Pineda also has to be able to attack batters early and get ahead. When he’s ahead in the account, batters are hitting .184 with just four homers and an OPS of .487. When he falls behind, those numbers jump to .344 with 10 homers and a 1.140 OPS.



While that’s a customary trend throughout the sport, batters are also swinging at Pineda’s first pitch 43 percent of the time and are slashing .291/.300/.550 compared to .254/.331/.421 when they took the first pitch.

That’s fixed by having trust in your stuff and being able to pitch to your strengths. His wipeout slider is easily the greatest pitch he throws while his cutter gets hit out of the park on almost a nightly basis.

“I always come into spring training saying this is the year he’s going to win the Cy Young, he’s just got so much talent,” Yankees’ starter CC Sabathia said. “He just needs to put everything together. He wants to be good, he works really hard. He just wants to be that great pitcher. I think it’ll come together for him, hopefully, this year.”

Sabathia, a former Cy Young award winner himself, is completely right.
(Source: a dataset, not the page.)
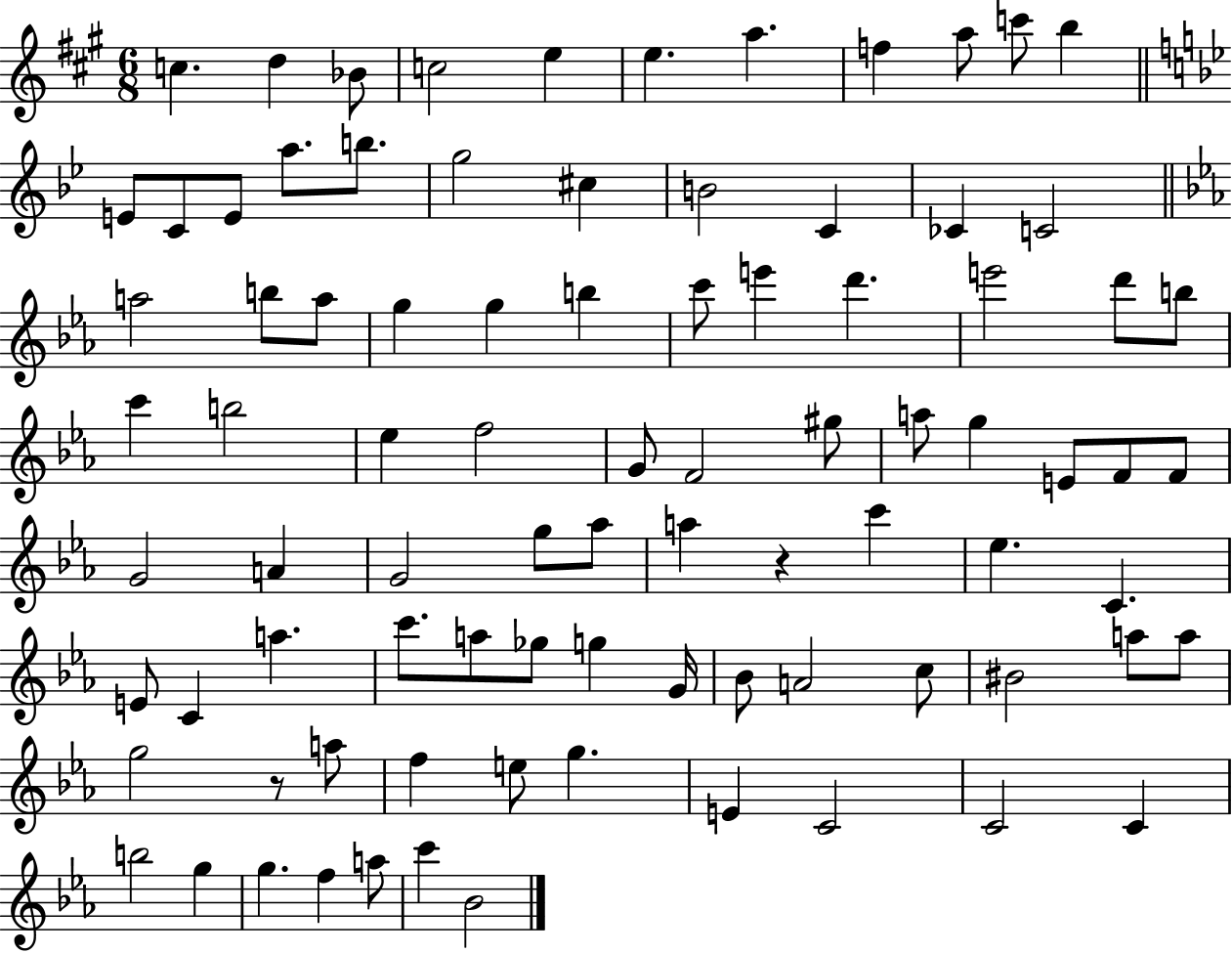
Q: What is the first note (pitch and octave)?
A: C5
Despite being 23-27 with a 4.10 ERA in 72 starts over his three-year Yankee career, his cutter that is consistently thrown at a borderline-unfair velocity of 95 mph and a deadly slider that registered a .187 batting average against last season screams “front-end-starter.”

Now, just one season before he’ll hit the free-agent market, New York’s unstable rotation is counting on Pineda to take that step and reach his ceiling. He sure has the ability to throw himself into the uppermost tier of American League starters, but if that jump isn’t made in 2017, he may never attain elite status.

At the very least, he won’t reach that plateau in donning pinstripes.